Food & Wine Pros

Pairing cognac and cheese

Pairing cognac and cheese

Cognac pairs with chocolate, we all know but what about cheese? Surprisingly there are some standout matches as I discovered when I chaired the cheese workshop at the 2014 International Cognac Summit in France a couple of years ago.

The cheeses reflected the most popular individual cheeses in the countries that were participating in the event: China, Germany, Russia, the UK, the US and, of course, France and included fromage frais, Brie, Cheddar, Edam, Emmental, Camembert, Fourme d’Ambert and Roquefort. However they were more interesting than they might sound from that selection as they were supplied by maitre fromager Xavier Thuret who also brought along some ‘surprise cheeses for us to try.

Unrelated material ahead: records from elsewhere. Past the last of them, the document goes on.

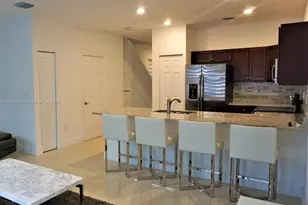 10498 W 33rd Way, Hialeah, FL 33018 - Photo 11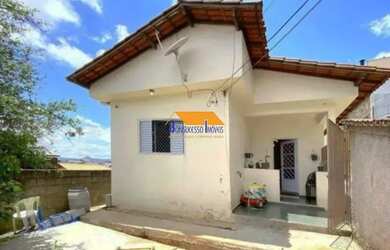 Imagem: A casa possui 2 Dormitórios, 2 Banheiros, 4 Vagas na garagem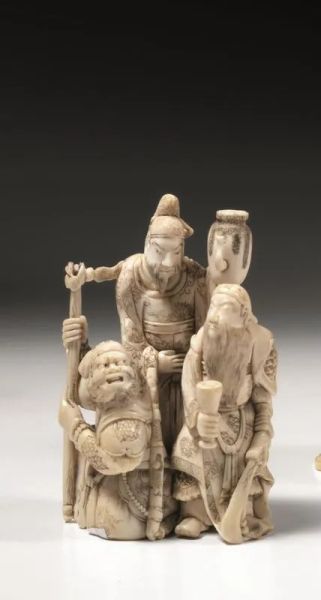  Okimono, Giappone sec. XIX,  in avorio finemente scolpito, raffigurante tre saggi, uno reggente versatoio, uno reggente calice, l'altro reggente un bastone, alt. cm 7,5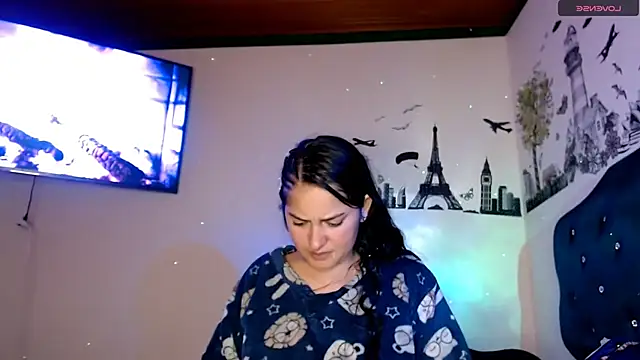 MisNicol online show from January 2026 11:26:01 AM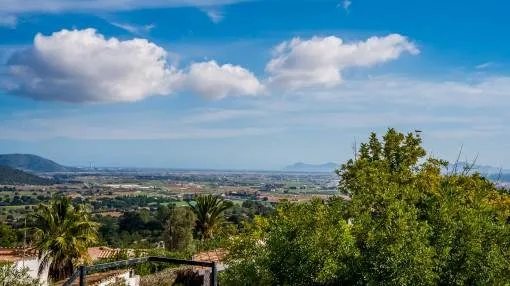 Dream home in Campanet in need of renovation with separate garage and roof terrace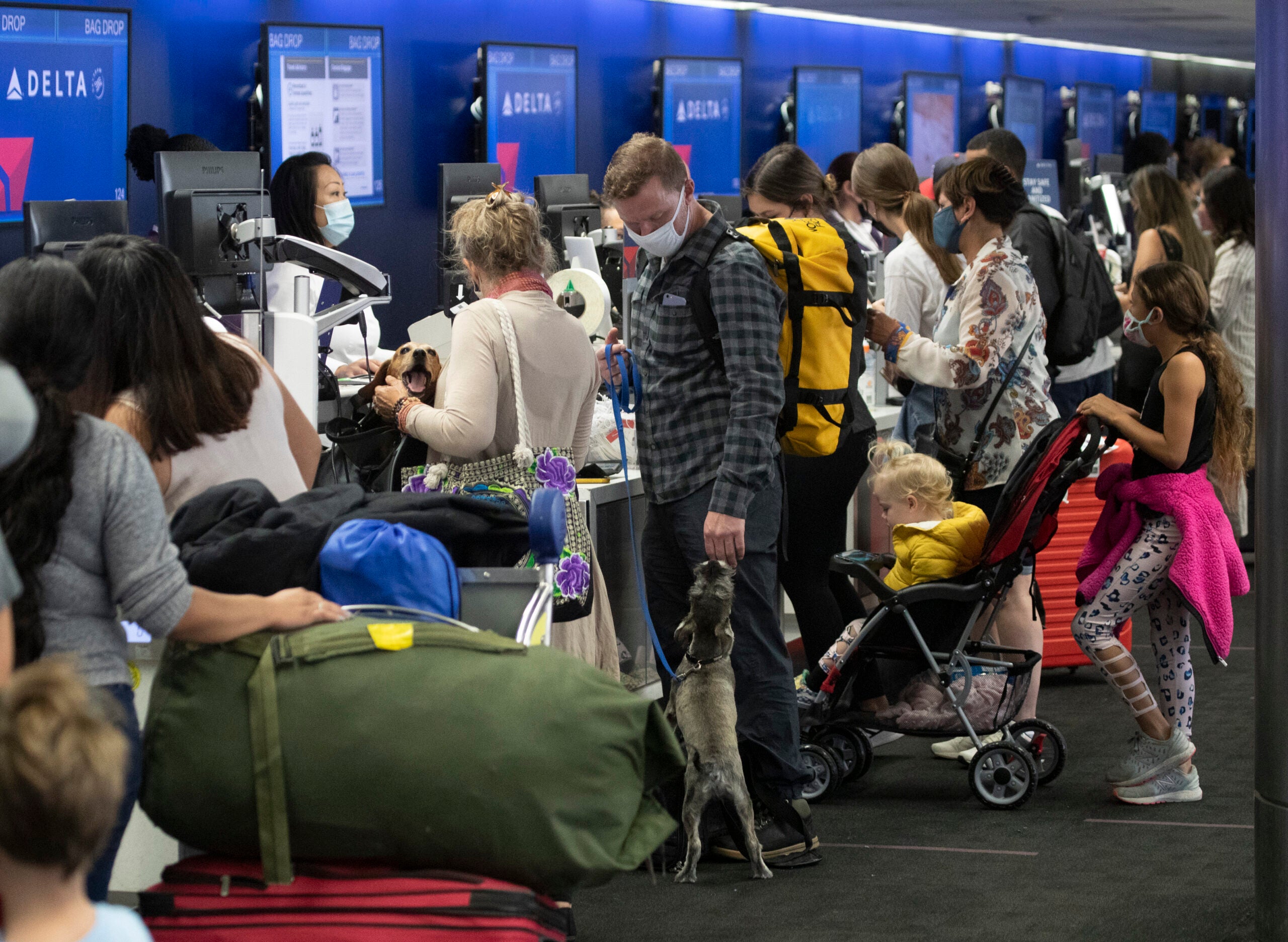 Tips to overcome airline trip delays and cancellations
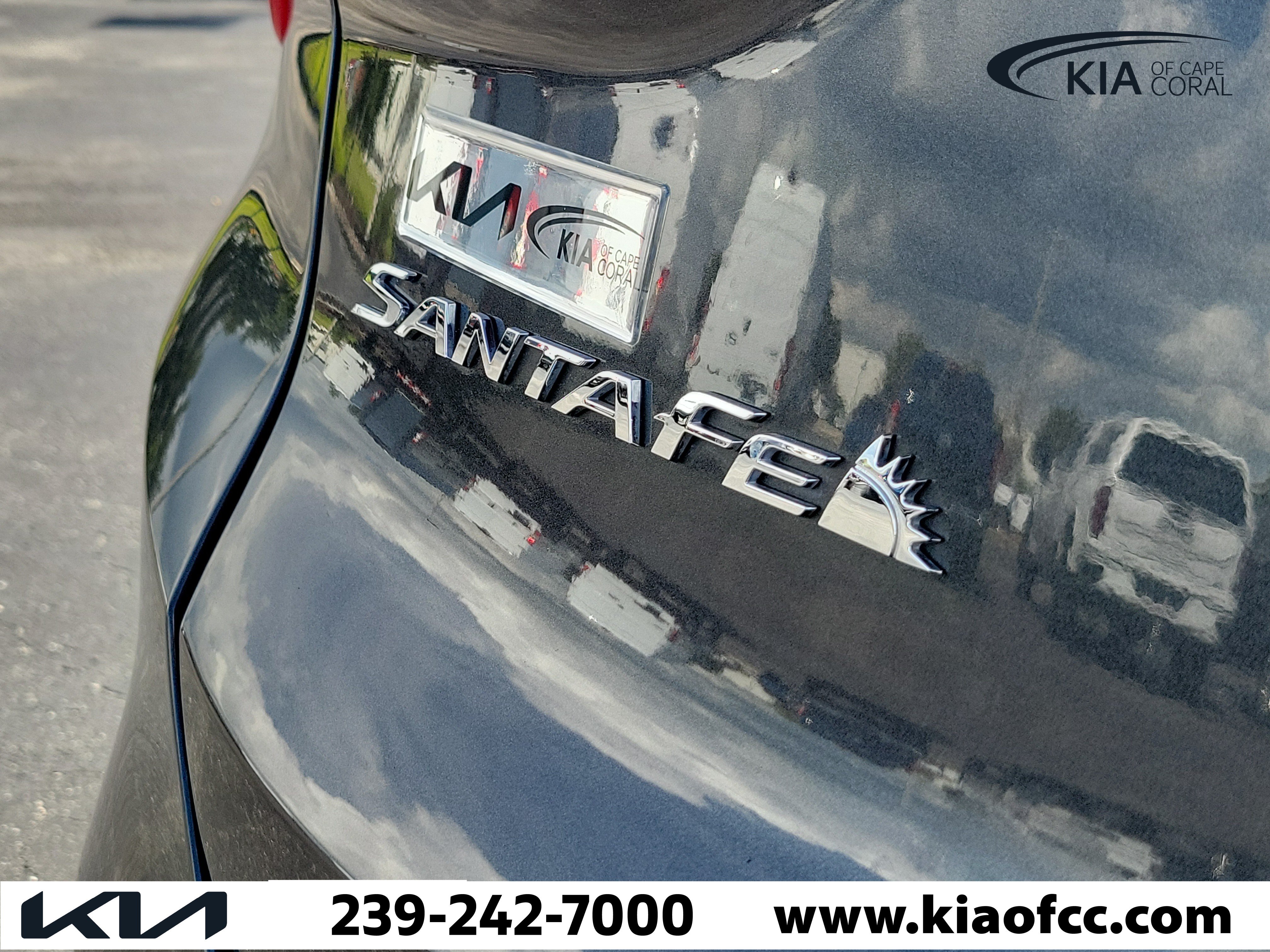 Used 2021 Hyundai Santa Fe SEL w/ Convenience + Premium Package FWD image 10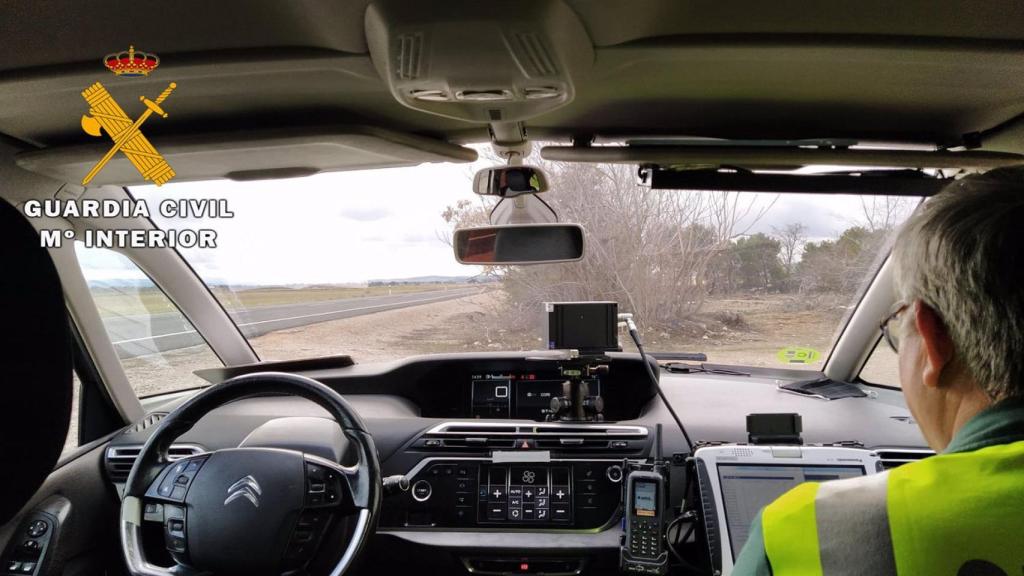 Un agente de la Guardia Civil maneja un radar de velocidad.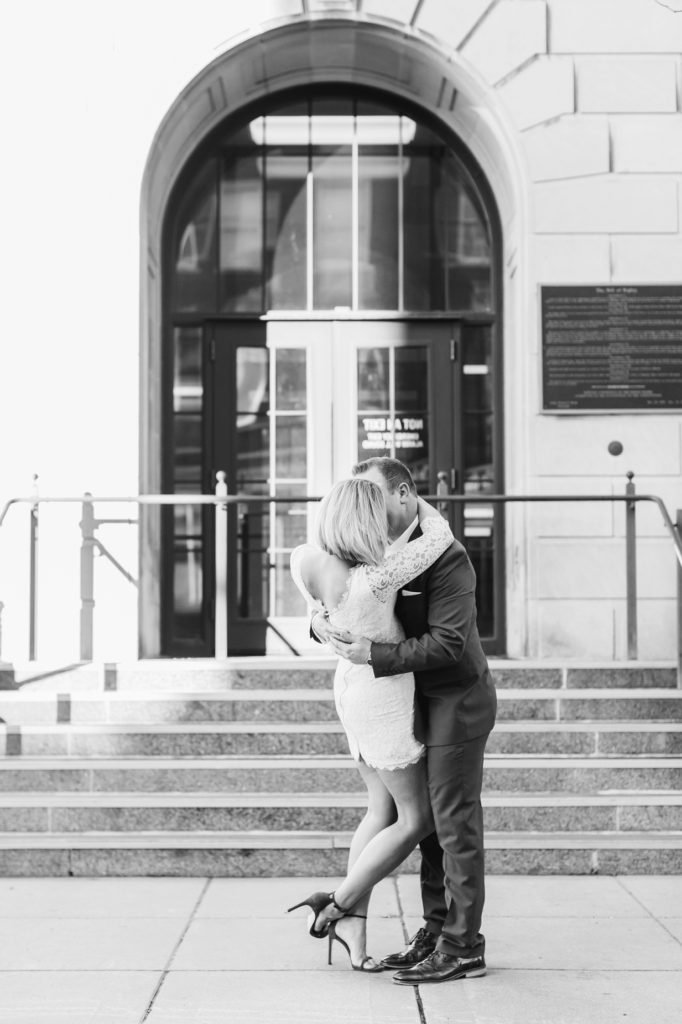 downtown-fargo-engagement-pictures-29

The cheeses that worked best overall were the fromage frais (an extremely rich, creamy Brillat-Savarin), the Brie (much better than the Camembert, oddly, except with the XO), the Cheddar and above all the Roquefort though that too was unusually soft and unctuous though still with its characteristic saltiness. We also found the Mimolette that Xavier had brought along as an extra a fantastic match with XO.

Judging by the results of the tasting which took place over 4 sessions with 4 different styles of cognac - VS, VS frozen, VSOP and XO - you need to tailor your cognac to your cheese. Apart from the Roquefort which matched with all the cognacs most cheeses work only with one or two. Here’s what I’d pair with what.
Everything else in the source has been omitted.